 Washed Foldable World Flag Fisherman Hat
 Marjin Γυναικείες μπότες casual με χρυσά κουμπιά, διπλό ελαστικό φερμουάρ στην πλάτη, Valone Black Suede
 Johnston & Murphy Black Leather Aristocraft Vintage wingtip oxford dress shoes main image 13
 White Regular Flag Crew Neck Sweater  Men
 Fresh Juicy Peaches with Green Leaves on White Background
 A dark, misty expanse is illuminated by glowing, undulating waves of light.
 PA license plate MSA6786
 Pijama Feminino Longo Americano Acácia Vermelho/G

...

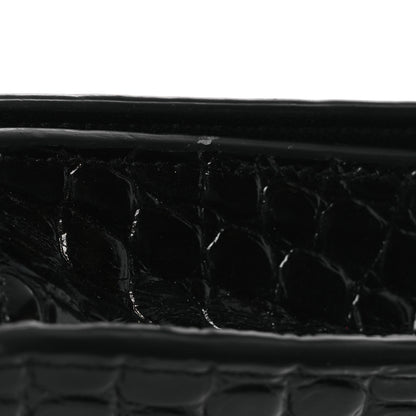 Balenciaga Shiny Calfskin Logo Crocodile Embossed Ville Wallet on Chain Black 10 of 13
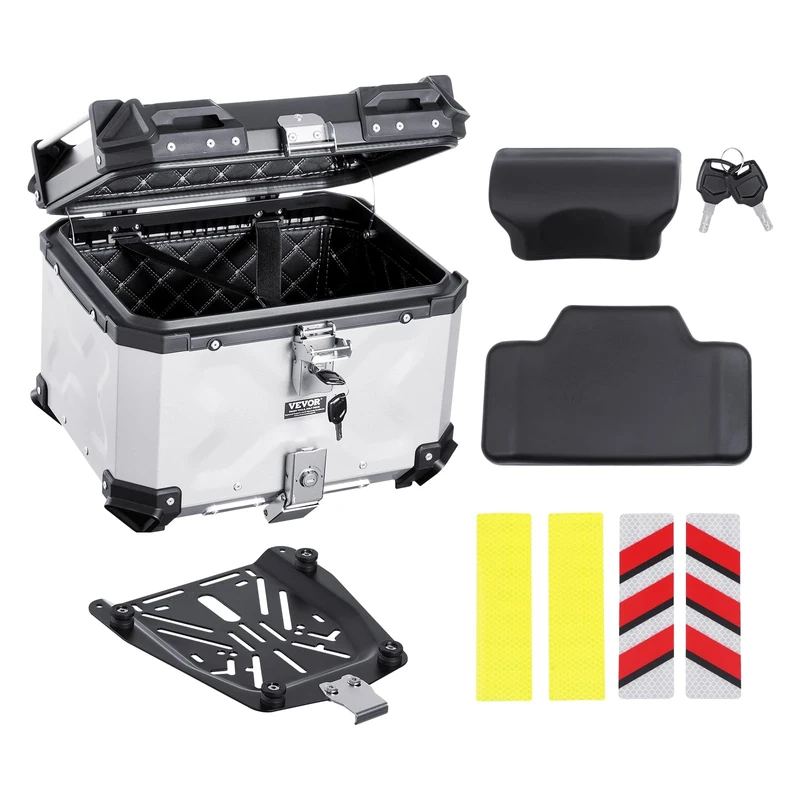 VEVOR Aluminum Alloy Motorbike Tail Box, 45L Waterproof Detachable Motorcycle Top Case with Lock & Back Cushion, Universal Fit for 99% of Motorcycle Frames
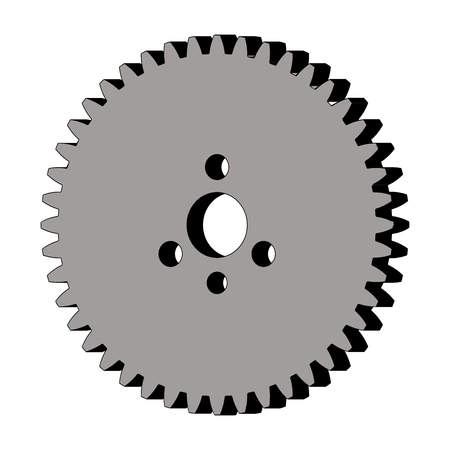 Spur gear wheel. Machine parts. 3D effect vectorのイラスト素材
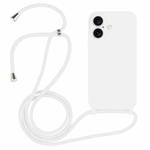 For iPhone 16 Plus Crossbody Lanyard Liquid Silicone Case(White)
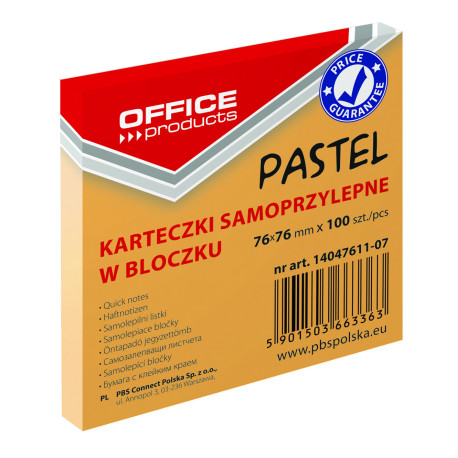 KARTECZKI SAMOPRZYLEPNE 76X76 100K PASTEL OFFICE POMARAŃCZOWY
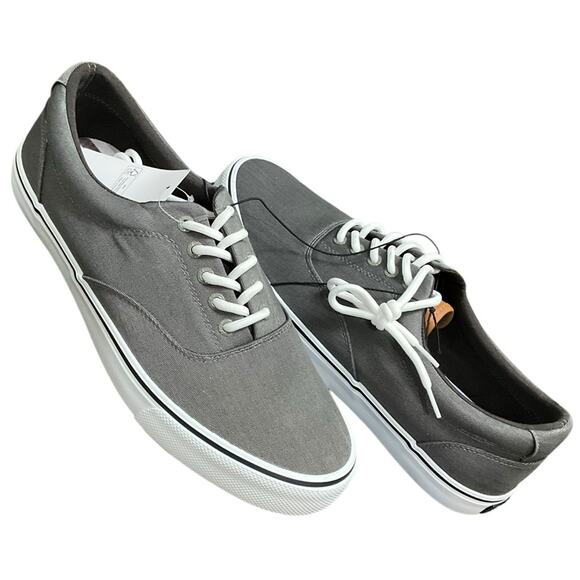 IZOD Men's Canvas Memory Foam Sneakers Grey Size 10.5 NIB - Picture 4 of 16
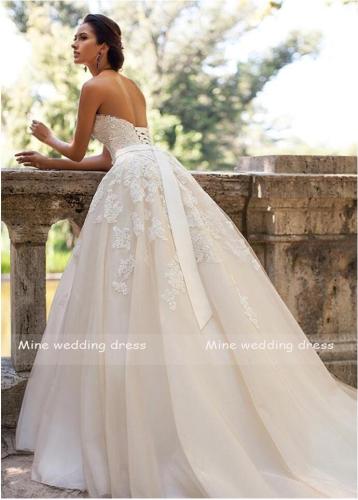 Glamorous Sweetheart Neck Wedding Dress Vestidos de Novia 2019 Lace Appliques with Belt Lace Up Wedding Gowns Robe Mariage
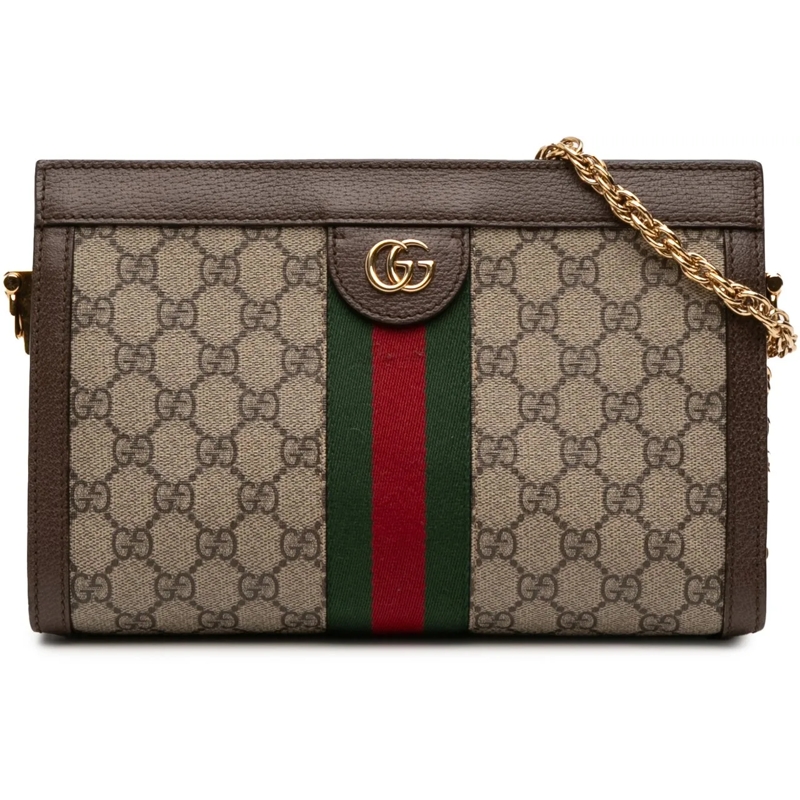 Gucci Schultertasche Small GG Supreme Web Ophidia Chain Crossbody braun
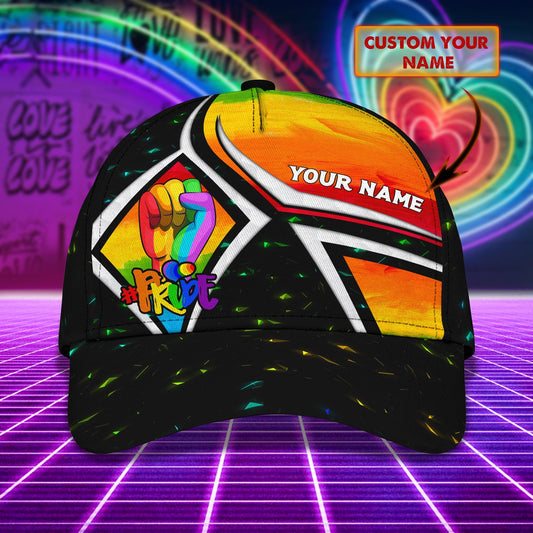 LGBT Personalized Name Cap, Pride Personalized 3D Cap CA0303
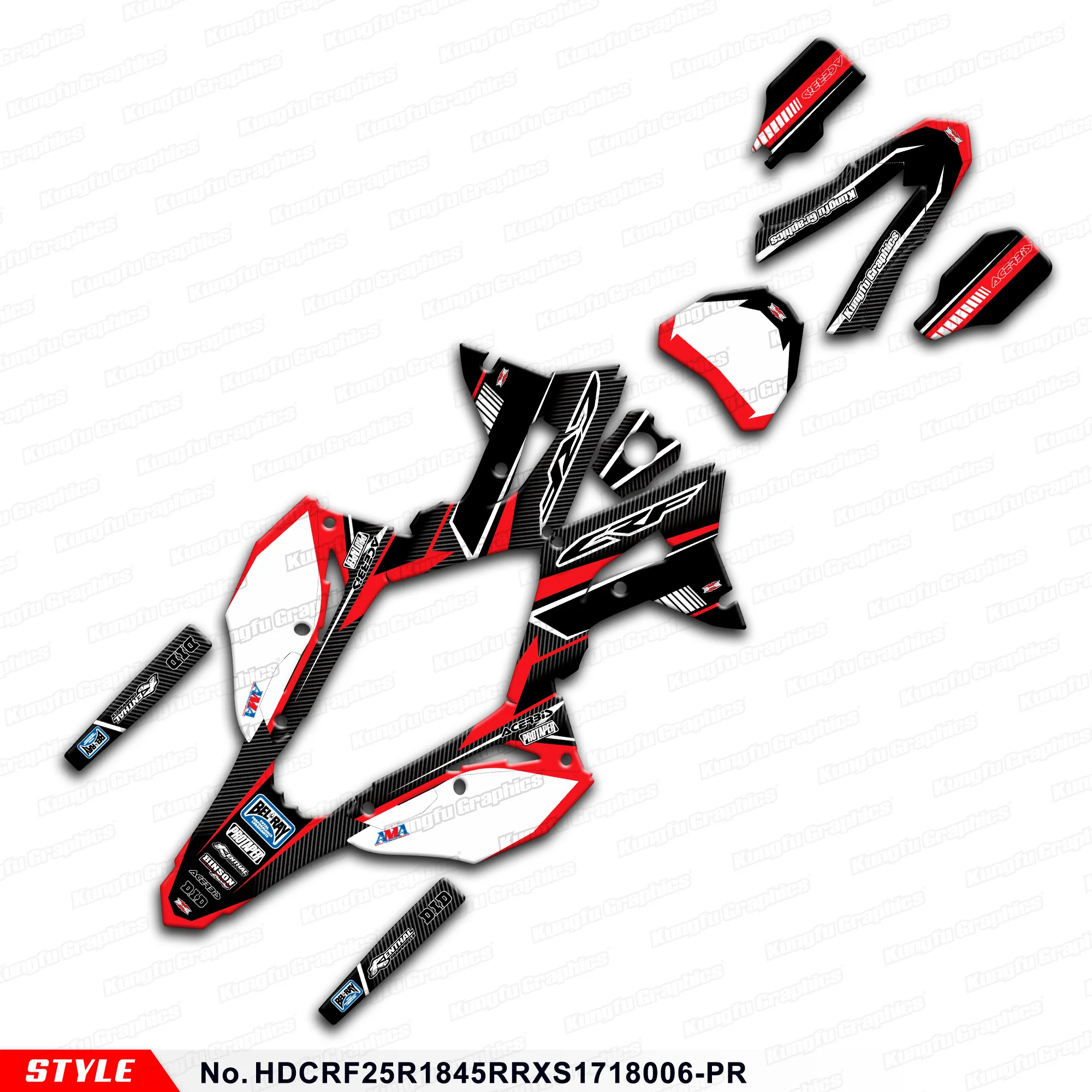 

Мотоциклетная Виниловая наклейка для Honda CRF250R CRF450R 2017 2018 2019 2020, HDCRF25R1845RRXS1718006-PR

### EXERCISE BRIEF
Taking the entries above, restate exactly those lines that fall between the line with "Washed Foldable World Flag Fisherman Hat" and the line with "Fresh Juicy Peaches", keeping both of those lines too.

### REPLY
 Washed Foldable World Flag Fisherman Hat
 Marjin Γυναικείες μπότες casual με χρυσά κουμπιά, διπλό ελαστικό φερμουάρ στην πλάτη, Valone Black Suede
 Johnston & Murphy Black Leather Aristocraft Vintage wingtip oxford dress shoes main image 13
 White Regular Flag Crew Neck Sweater  Men
 Fresh Juicy Peaches with Green Leaves on White Background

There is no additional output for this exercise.